Encryption techniques are often used in order to store such information. Such a method can be easy and secure to a point, but there are also a lot of ways that developers can make mistakes. They may be deceived by how easy it is and feel too confident in the protection that the encryption provides, therefore not being as careful as they should when securing the entire application or site. In order to efficiently protect data, it will help to understand:

  • The mistakes that developers often make
  • The risk that is run by having insecure data storage
  • How to determine if your data is vulnerable
  • How to protect yourself

Common Mistakes

A few examples of the errors that are commonly made when securing data storage include:

  • Simply not encrypting critical data
  • Insecurely storing keys, certificates, and passwords
  • Weak choices of algorithm
  • The attempt to create one’s own encryption algorithm
  • Not including the proper support for encryption key changes and other necessary maintenance precautions

The Risk You Run

If a hacker attempts to tap into your sensitive data, they will undoubtedly discover any weakness in the encryption immediately. They will then be able to attain the mobile device by directly connecting it to a computer with freely available software. This way they are able to view all third party application directories where personal information is often stored. They can then easily steal this information through the use of malware or by modifying a legitimate application. Once the theft occurs, a business is susceptible to:

  • Identity theft
  • Reputation damage
  • External policy violation
  • Material loss

Are You Vulnerable?

In order to find weaknesses in an encryption, it is very helpful if you have the source code. Figuring out if you have any cryptographic flaws without access to the source code will be very challenging and time consuming. One would have to examine tokens, session IDs, cookies, etc. in order to examine the code thoroughly.

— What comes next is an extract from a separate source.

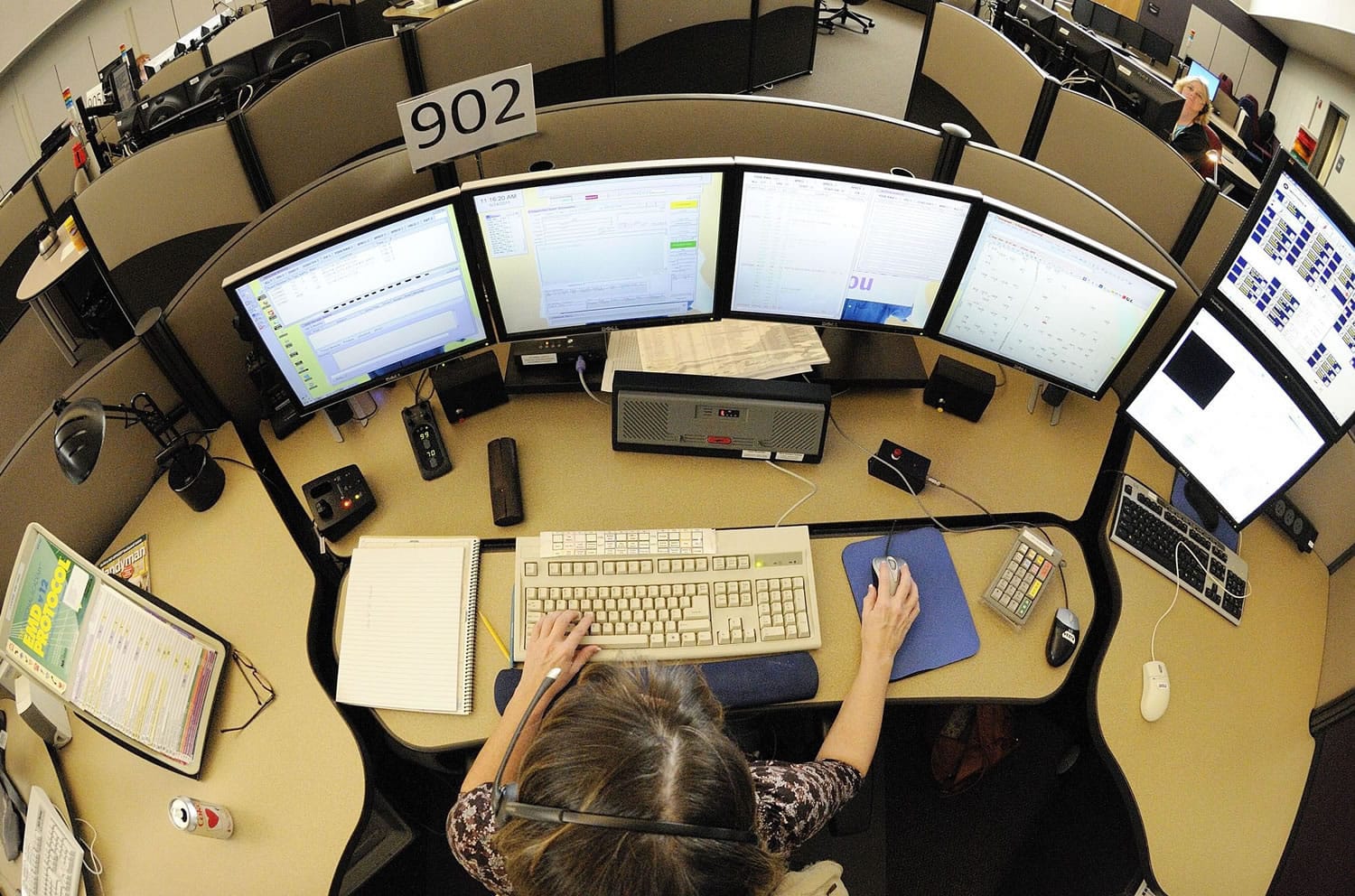 A 911 dispatcher works several computer screens, keeping track of officers with the Clark County Sheriff's Office and six other police departments.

You will need someone with a strong background in cryptography and the flaws that tend to occur in encryptions in order to carry out the examination properly.

Protect Yourself and Prevent Insecure Data Storage

The best and most basic rule for preventing insecure data storage with mobile apps is to not store the data unless it is absolutely necessary. Developers need to acknowledge that they are making this data vulnerable the second they put it onto a mobile device, even if it is encrypted. If the sensitive data must indeed be stored, some general rules of thumb are:

  • Do not store credentials on the phone file system. Make it so the user must identify themselves with a standard login each time the application is opened and that the appropriate session timeouts are put into place.
  • Be particular about the cryptography that is being implemented and use solutions that avoid the leakage of binary signature that are often used in encryption libraries.
  • Avoid using hardcoded encryption or decryption keys.
  • Add another layer of encryption beyond the default encryption methods provided by the operating system.

Mobile devices should always be considered an unsafe place for the storage of sensitive data. If the data must be stored there, be sure that it is encrypted and that you have a security system in place that you know you can depend on. Evaluate the level of guarantee provided by your security system carefully, as your customer’s data and business’s reputation will be put at great risk. Most importantly, be thorough. After all, these decisions are exactly what will determine just how safe your company and your clients really are.